### Activity
The lines to repeat are those below from the one containing "Kia Soul Hatchback, Diesel, 2013, Red" down to the one containing "Jaguar XF 20d RWD Portfolio - 7", both included; reproduce them exactly and nothing else.

### Data to use
= = = = = = =

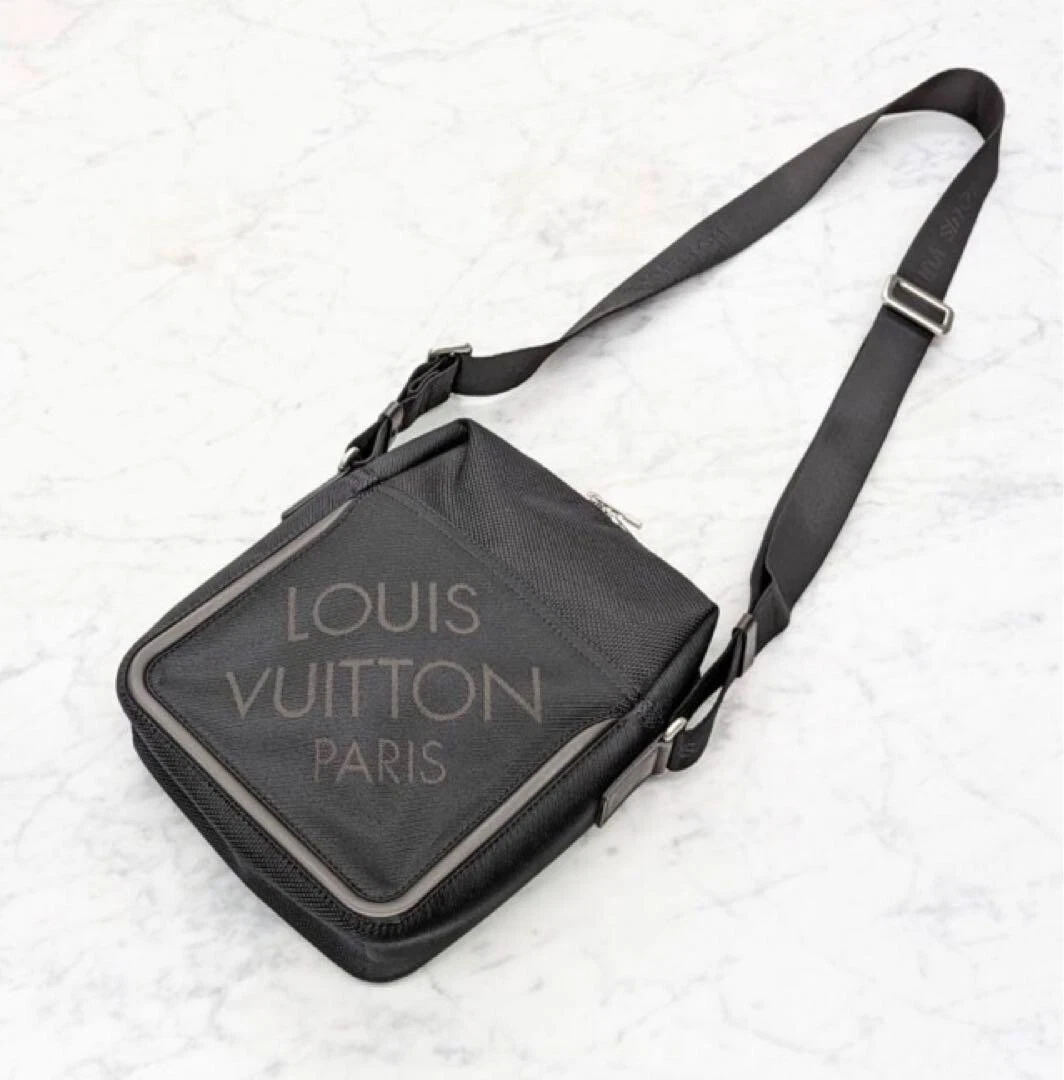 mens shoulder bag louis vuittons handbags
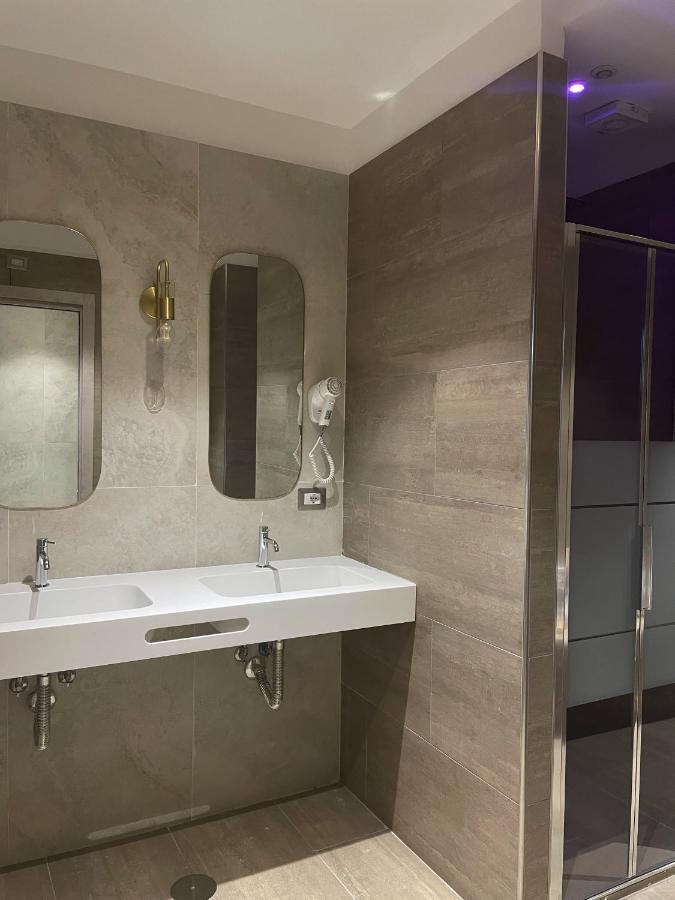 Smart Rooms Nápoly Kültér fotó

= = = = = = =

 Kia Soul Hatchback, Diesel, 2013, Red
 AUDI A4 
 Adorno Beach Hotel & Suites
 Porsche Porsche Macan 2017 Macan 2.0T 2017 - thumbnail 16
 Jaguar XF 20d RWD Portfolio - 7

= = = = = = =

### Solution for this exercise
 Kia Soul Hatchback, Diesel, 2013, Red
 AUDI A4 
 Adorno Beach Hotel & Suites
 Porsche Porsche Macan 2017 Macan 2.0T 2017 - thumbnail 16
 Jaguar XF 20d RWD Portfolio - 7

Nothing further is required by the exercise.